What is being asked: Where a line below holds the string "many", copy that line.

[Brief descriptive captions]
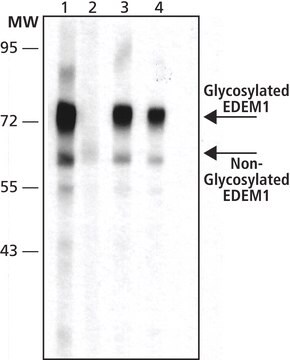 Anti-EDEM1 antibody produced in rabbit affinity isolated antibody, buffered aqueous solution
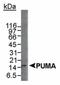 BCL2 Binding Component 3 antibody, NB500-261, Novus Biologicals, Western Blot image 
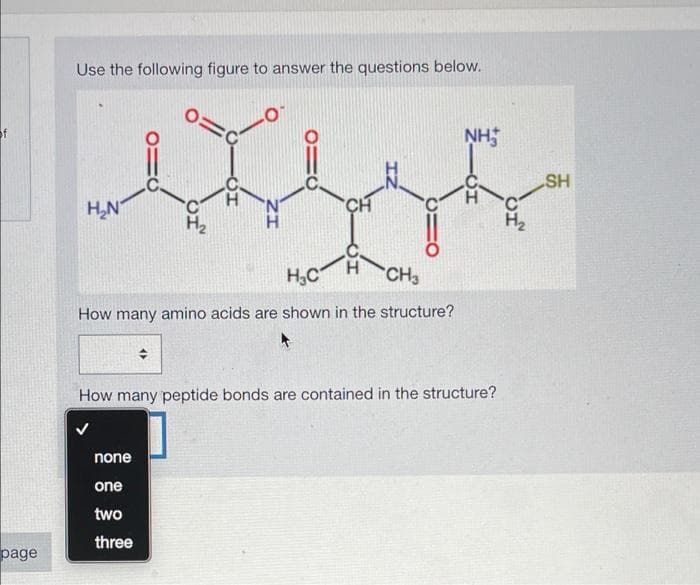 page
Use the following figure to answer the questions below.
=C
NH
CH
H₂N
H
H₂C
CH3
How many amino acids are shown in the structure?
How many peptide bonds are contained in the structure?
none
one
two
three
ZI
-CH
HO
SH
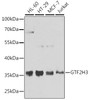 Western blot analysis of extracts of various cell lines, using GTF2H3 antibody (22-768) at 1:1000 dilution.<br/>Secondary antibody: HRP Goat Anti-Rabbit IgG (H+L) at 1:10000 dilution.<br/>Lysates/proteins: 25ug per lane.<br/>Blocking buffer: 3% nonfat dry milk in TBST.<br/>Detection: ECL Basic Kit.<br/>Exposure time: 10s.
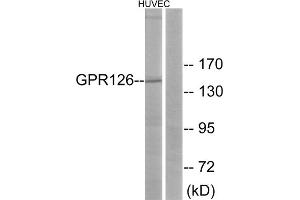 Western blot analysis of extracts from HUVEC cells, using GPR126 antibody. (G Protein-Coupled Receptor 126 antibody  (Internal Region))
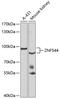 Zinc Finger Protein 544 antibody, 22-892, ProSci, Western Blot image 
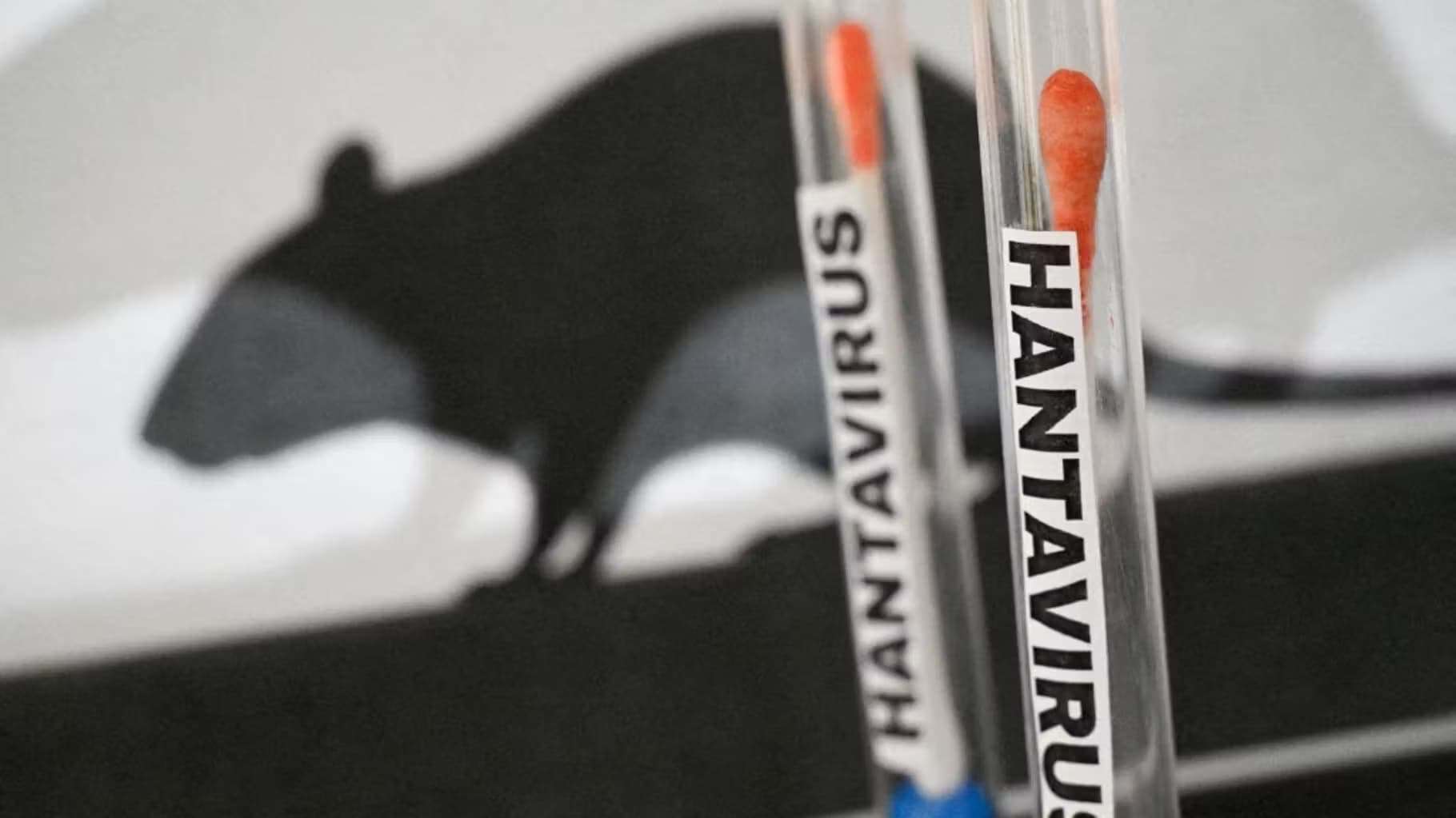 Sérum de test pour l'hantavirus avec souris en arrière-plan.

Response to the exercise:
How many amino acids are shown in the structure?
How many peptide bonds are contained in the structure?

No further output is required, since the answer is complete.